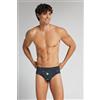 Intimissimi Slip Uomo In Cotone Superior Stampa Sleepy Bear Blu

━━━━━━━━━━━━━━━━━━━━━━━━━━━━━━

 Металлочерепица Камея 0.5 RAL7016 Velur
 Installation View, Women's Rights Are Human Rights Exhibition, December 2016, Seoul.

━━━━━━━━━━━━━━━━━━━━━━━━━━━━━━

» Problem to work on: Out of the listing above, reproduce exactly the lines from the one with "Металлочерепица Камея 0.5 RAL7016 Velur" up to and including the one with "Installation View, Women's".

» Task result:
 Металлочерепица Камея 0.5 RAL7016 Velur
 Installation View, Women's Rights Are Human Rights Exhibition, December 2016, Seoul.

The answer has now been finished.